Qofcheez said 2 years ago 1/13/2010 2:43:38 AM EDT

No matter what you are cutting out, quickmask is a slow, but precise method for doing so, and a popular way to work.

In this example, I'm using a picture of a frog that I already tried cutting out with the extract tool (as explained in my first tutorial). Most of it was fine, but I'm missing some fingertips. In this tutorial, I'm going to show you how to recover the missing information using quickmask. I can also use that tool to cut out the whole image, but personally I try to leave it to the extract tool to do most of the dirty work.

Qofcheez said 2 years ago 1/13/2010 2:45:21 AM EDT

In my layers palette I can see both the original image (background) and the extracted one - background copy 3. I'm going to highlight that one so it is active.

Qofcheez said 2 years ago 1/13/2010 2:46:41 AM EDT

Now - here's a useful little tool. Go to the select menu and click on load selection. This will automatically choose your extracted frog.

Qofcheez said 2 years ago 1/13/2010 2:47:49 AM EDT

Now it's time to enter quickmask mode. At the bottom of your tools, just under the color selector is a button that looks like a rectangle with a circle in it. You need to press that.

Qofcheez said 2 years ago 1/13/2010 2:58:19 AM EDT

When press this the 'dancing ants' will disappear and all the parts you didn't cut out will appear PINK.

Qofcheez said 2 years ago 1/13/2010 3:01:14 AM EDT

You'll notice exactly the pieces that weren't able to cut out in the first place - those missing fingertips as a darker pink. If we want to get those fingertips back, we are going to have to 'erase' that pink area to tell the program that we actually want those pieces.

You'll notice too that when we entered quickmask, any colors you might have chosen from before have changed to black and white. That's because when we paint with white the pink disappears. When you paint with black the pink appears

The power of this tool is how you are able to control the edges. Softer brushes - softer edges. Hard brush, hard edge. Different opacities make a different too. The possibilities are endless as to what you want to do. In this case, a hard brush will do just fine.

Qofcheez said 2 years ago 1/13/2010 3:04:03 AM EDT

Now click the quickmask button again. The pink will disappear and the dancing ants are back - but this time they are in the shape of the full frog, fingertips and all.

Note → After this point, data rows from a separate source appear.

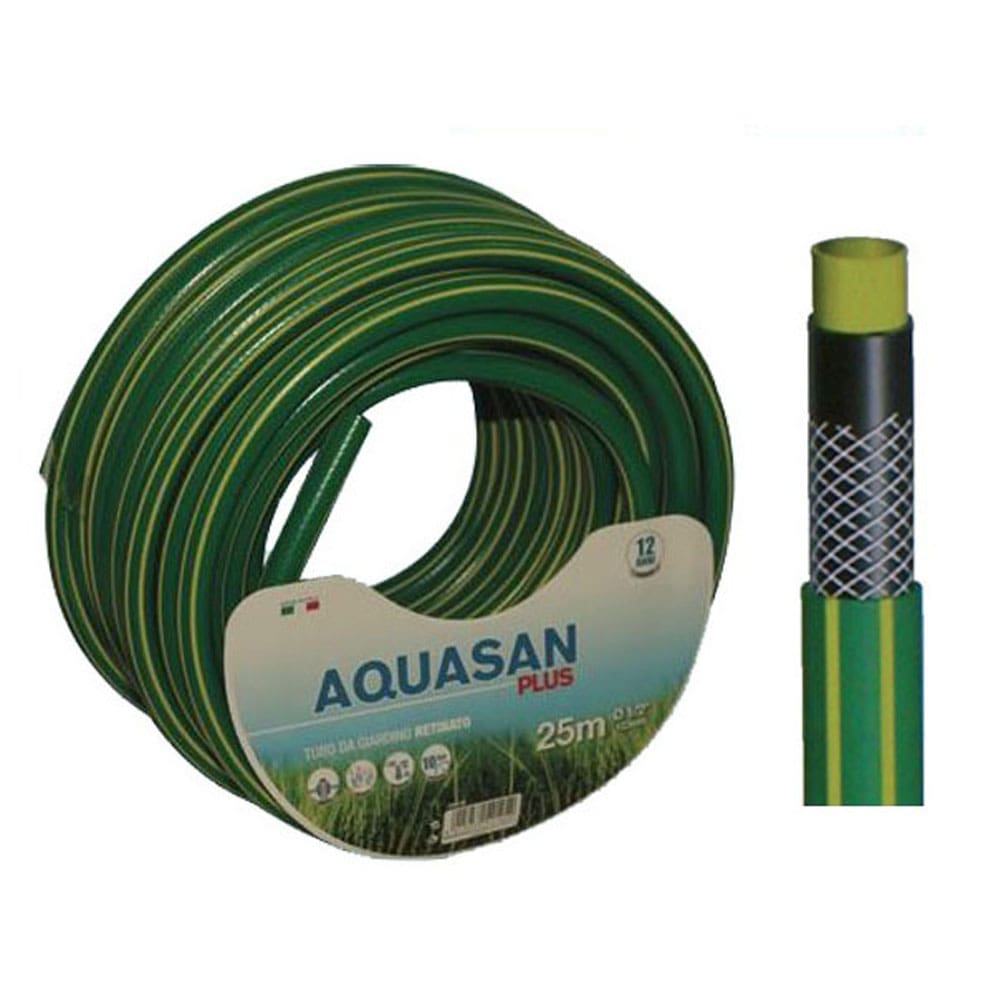 TUBO TENATEX AGRI NERO/VERDE 3/4" m 25 TUBO TENATEX AGRI NERO/VERDE 3/4" m 25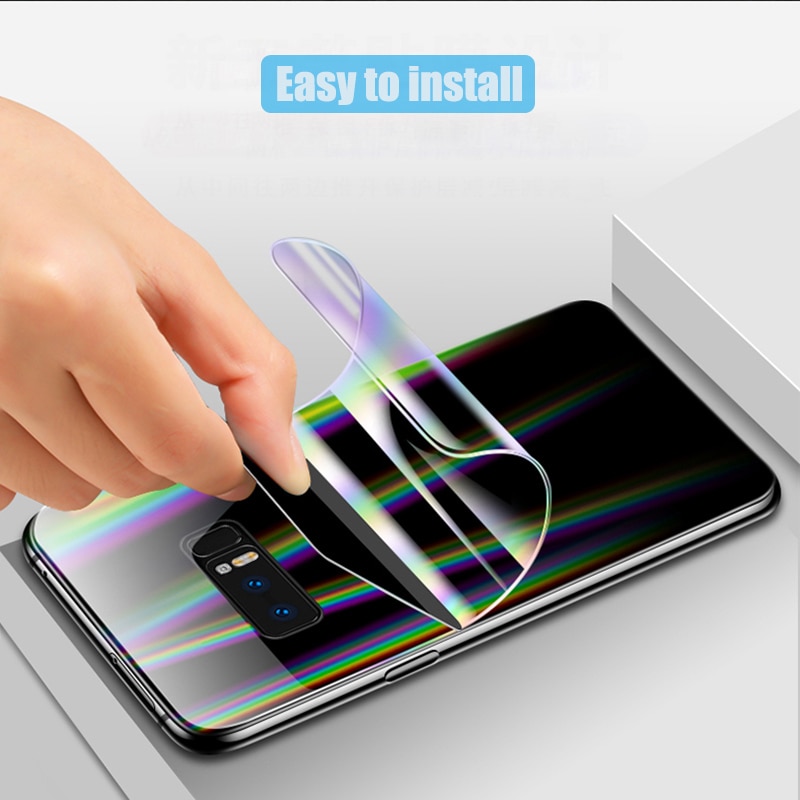 Miếng dán PPF mặt sau cho Samsung Galaxy Note 8, Dán màn Hình Samsung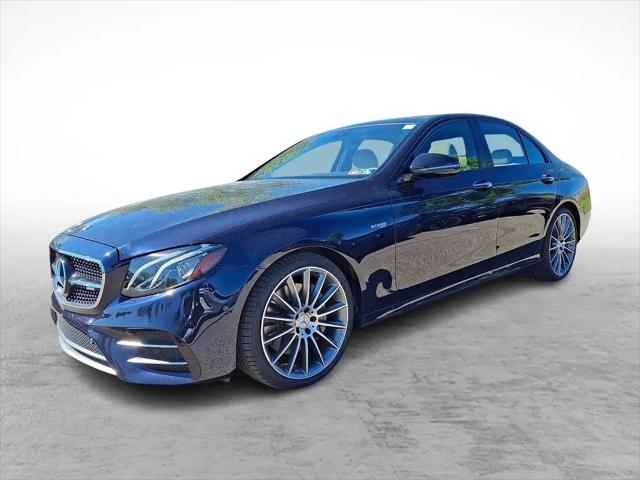 2018 Mercedes-Benz AMG E 43 4MATIC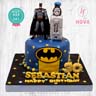 Koleksi kue : Birthday Cake Batman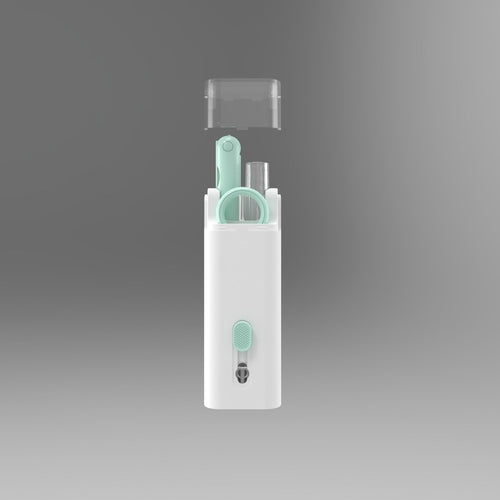 Multifunctional Bluetooth-compatible Headset Cleaning Pen Set Keyboard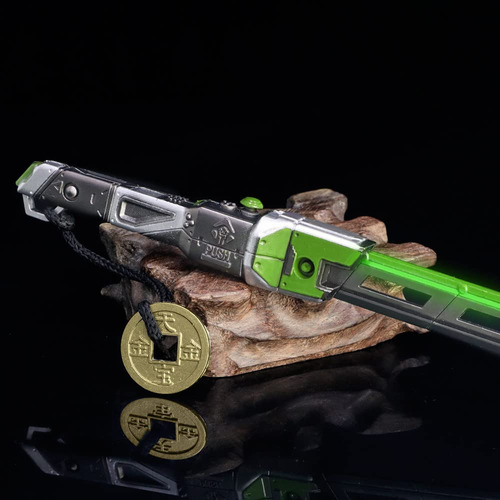 Apex Crypto Heirloom Biwon Blade - Cuchillo De Datos De Meta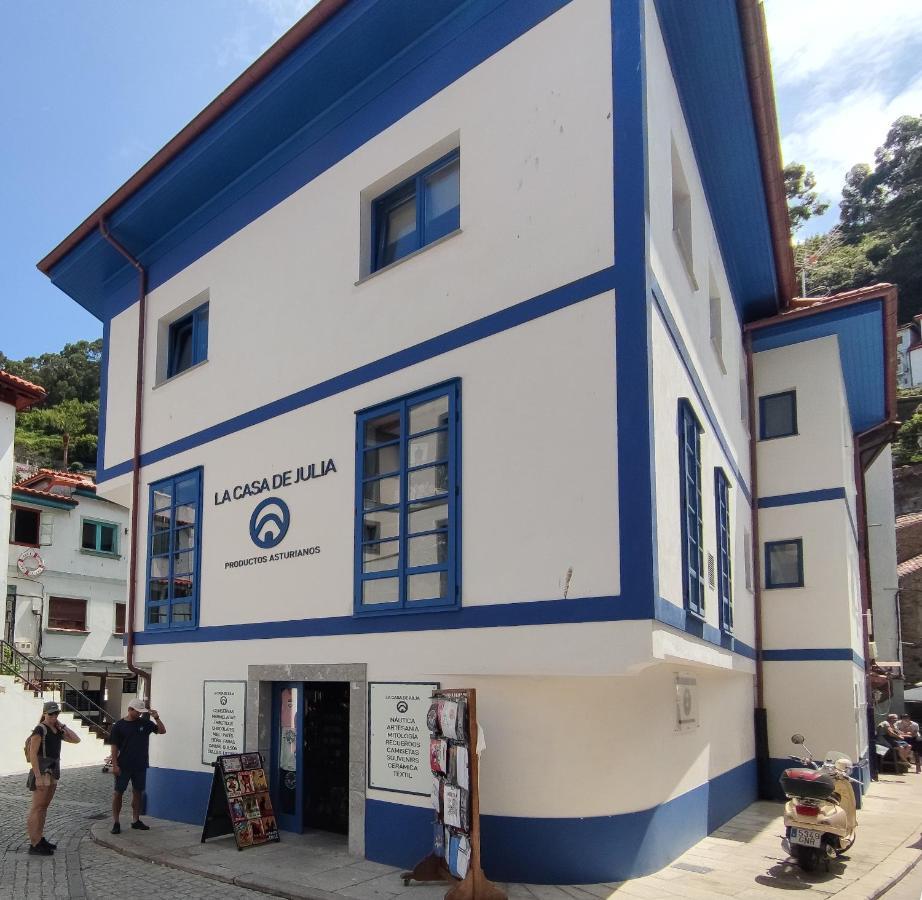 Villa Cudillero - Recep H Isabel ภายนอก รูปภาพ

Go back to your layers and this time highlight the bottom layer.

At the same time I'm going to choose the lasso tool. It really doesn't matter which one. We aren't exactly using it.

Qofcheez said 2 years ago 1/13/2010 3:05:16 AM EDT

What can I do with that? Well when I right click my frog, I can choose layer via copy. This 'cuts out' the full frog and makes a new layer out of it.